The catch is the verification of votes. It's all back on a system that must, by necessity, be absolutely secure. If that security fails in any way, the entire poll is suspect. It's all very well for electronic voting machines to be verifiable, but they're fairly easy to secure by locking and sealing them and removing any network connection. An internet voting system, by definition, must be connected to the internet.I like the openness of NZ's system. I like that if I could be bothered I could watch the counting at my local polling station. I can be absolutely certain of the validity of the count, and that's comforting. If there's a dispute, the ballot papers can be counted again. A point on which I had several arguments with one of the "Direct Democracy" crowd on usenet, several years ago, was their insistence that it's good enough to have a closed system that can only be inspected by "certified" persons. The proposal was that the code be proprietary, uninspectable by the majority, even by Jo(e) Coder who probably knows more about writing secure code than the people who produced it. That was just wrong to me. Democracy dies in secret, the saying goes, and for something like that it's absolutely true. If secrecy is required to count the ballots, then something is wrong with the process.
The flip side, though, is that computer-based systems make it easier for disabled people to cast their vote for themselves. The blind can use a screen reader in the privacy of their own home. Tetraplegics and others who cannot use their hands can use their head pointers or whatever they use in the privacy of their own home. They're not compelled to reveal their choice to another person in order to exercise their democratic right. That's the biggest argument in favour of going to internet voting, and it's pretty compelling. However, the security and validity issues are massive.
-
I don't think the funding is really a problem if the will is there. All it takes to get some extra dosh lined up is ten minutes around the cabinet table on a monday morning.

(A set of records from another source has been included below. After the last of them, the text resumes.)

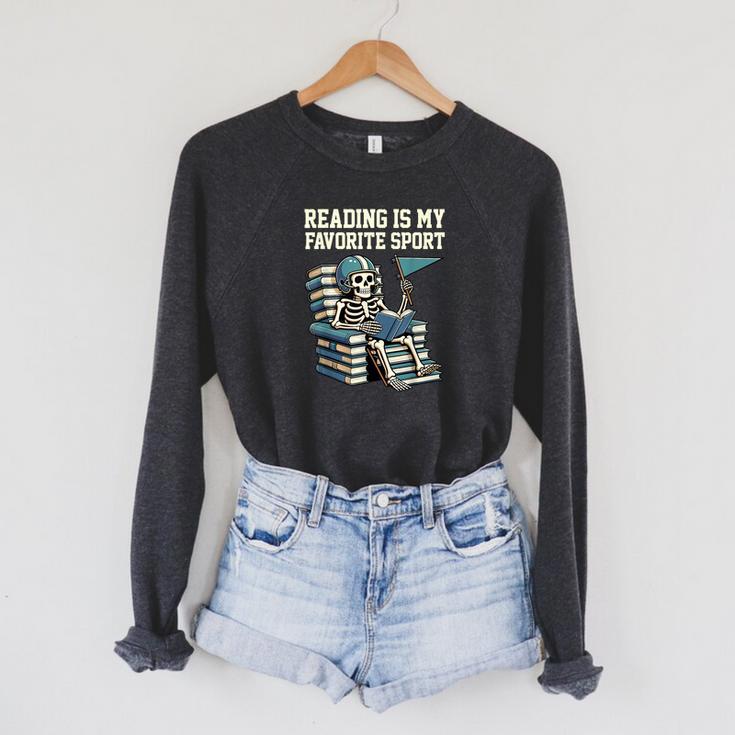 Football Skeleton Reading On Book Stack Raglan Sleeve Sweatshirt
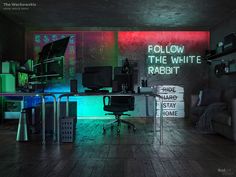 an office with neon lights and black furniture in the background, there is a large white sign that says follow the white rabbit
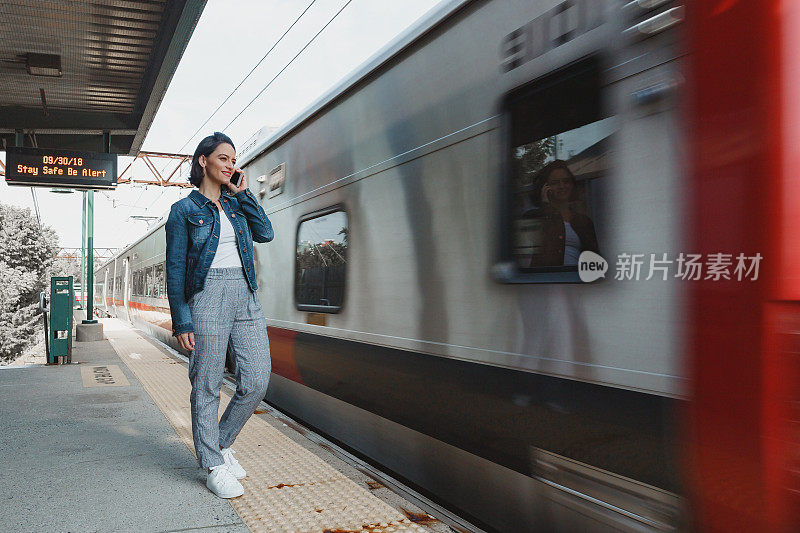 一个女人一边等火车一边打手机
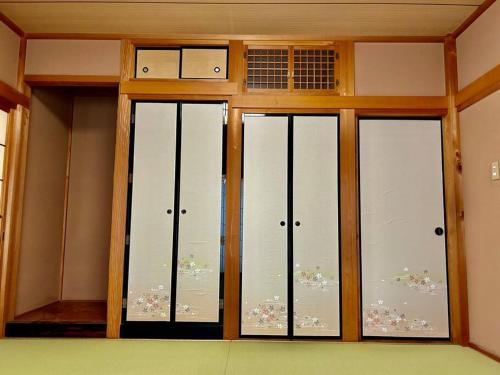 a room with three sliding glass doors with flowers at 広々な140平米 in Nagoya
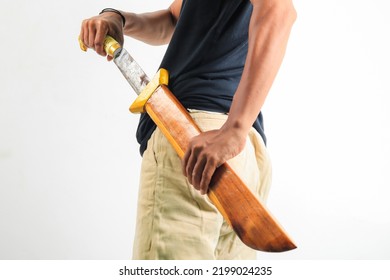 Hand Holding Machete Isolated White.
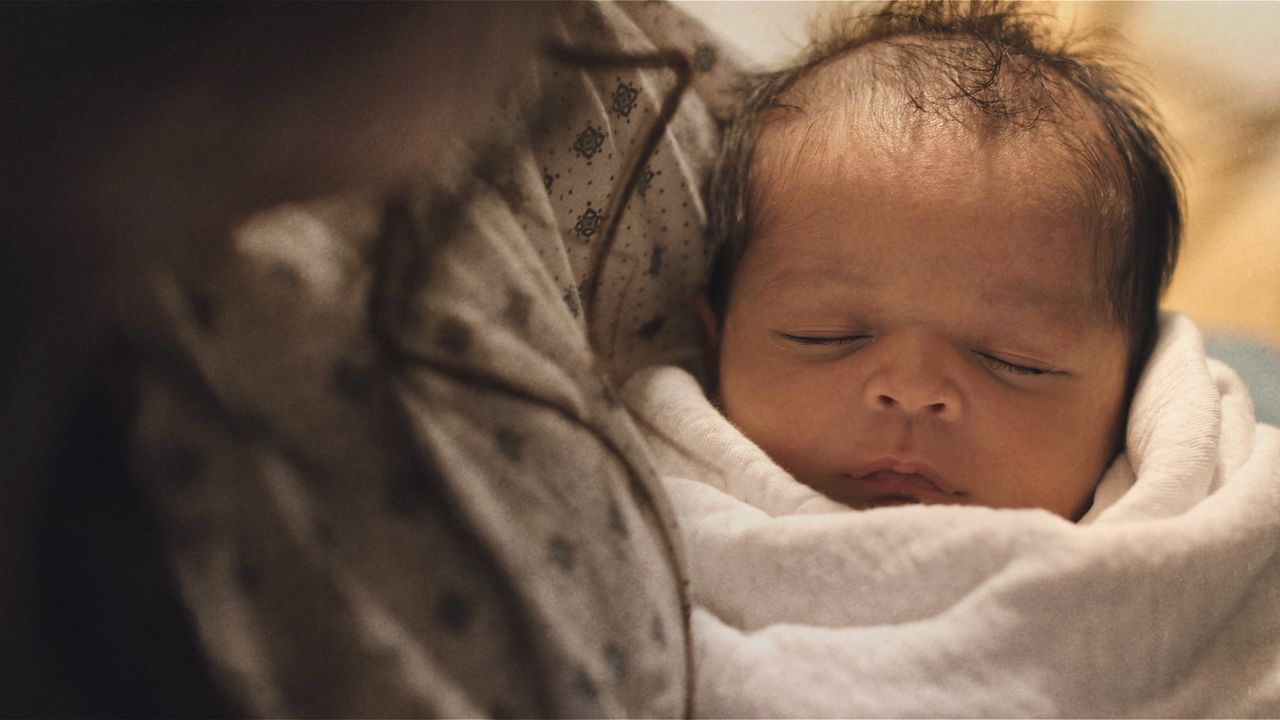 Two parents hold their newborn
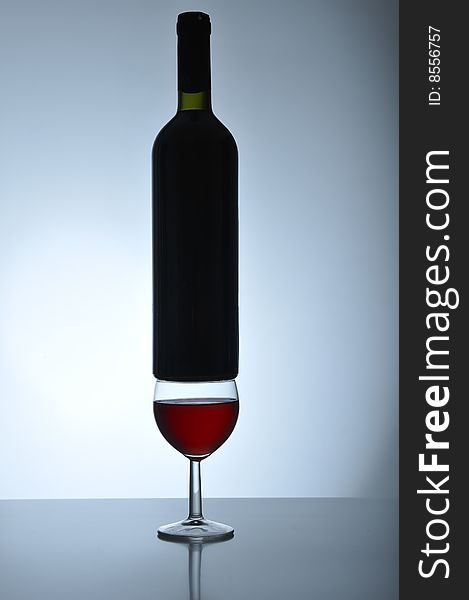 Bottle of red wine standing in equilibrium on a wineglass
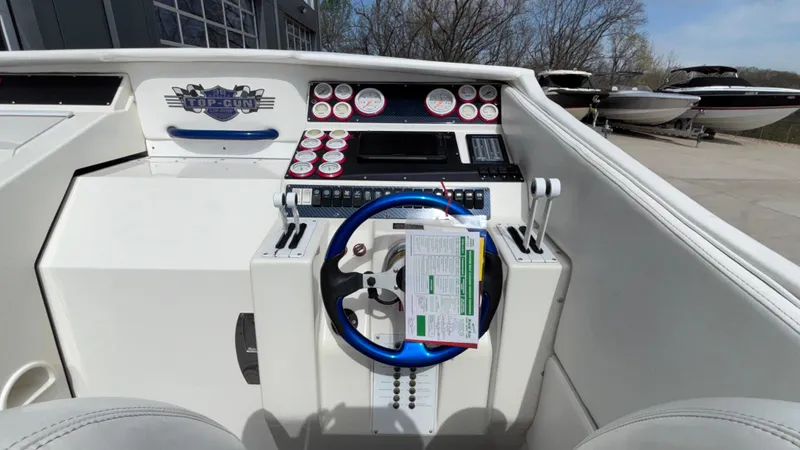 Slide: The Image of 1993 Cigarette 38 Top Gun boat dashboard with steering wheel and control panel. - 29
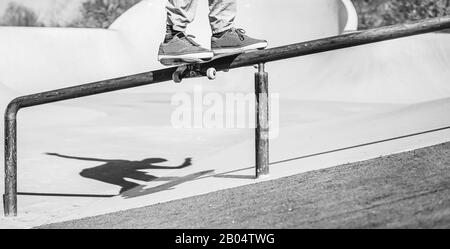 Skater performing tricks on ramp - Young man having fun doing extreme sport in skateboard park - Focus on feet - Black and white editing Stock Photo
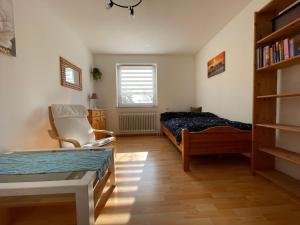 a bedroom with a bed and a chair and a book shelf at Urlaubsort Fränkisches Seenland in Haundorf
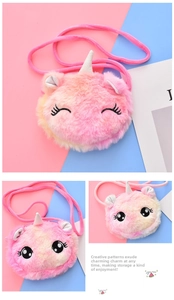 Close-up of pink unicorn plush crossbody bag showing soft texture and embroidery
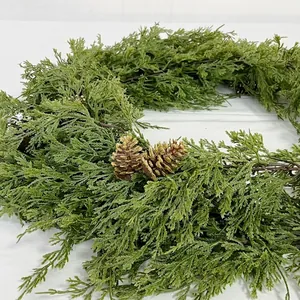 Close-up of artificial cypress garland with glittered pinecones for Christmas decoration.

It's that easy for the Chief Electoral Office to get extra funds? Really? I find that rather hard to believe. There's a reason that the Budget is handled in legislation.
-
D'oh!
-
Ian, nearly right. It's not -- if you want __italics :)
-
Kyle, I only got a C+ for my compulsory stage 1 stats paper (two years ago, too) but I'm pretty sure that's not how cumulative odds work. It's more like the number of cops multiplied by the chances of any given officer having had to use a firearm in anger in any given year multiplied by the average number of years of service of all of the police officers serving. And I don't even think that's entirely accurate.
I could email one of the stats lecturers and ask them, but they've got the better part of 3000 stage 1 stats exams to mark so I won't bother them just now.
-
Ian, you use the <qutoe></qutoe> (correctly spelled) tags to enclose whatever you're quoting. That handles the indent. Putting two _ characters either side of the text you want italicised does the trick.
-
Wasn't the first CIR basically "do you like firefighters?"
I was rather too young (14 at the time) to vote on that one, but that's a very, very simplified version of the matter. "Do you think Roger Estall is an insurance industry stooge who wants to save his pals lots of money at the expense of public safety?" would've been equally accurate.
As for the semantics, a "justification" as you put it isn't an automatic way out of prosecution. If it were, she of the riding crop and cane would never have ended up in court. Similarly the cops up on assault charges for spraying and beating a prisoner in a cell would be exempt because police officers are permitted to use force in the execution of their duties. So, clearly, a justification isn't an automatic pass.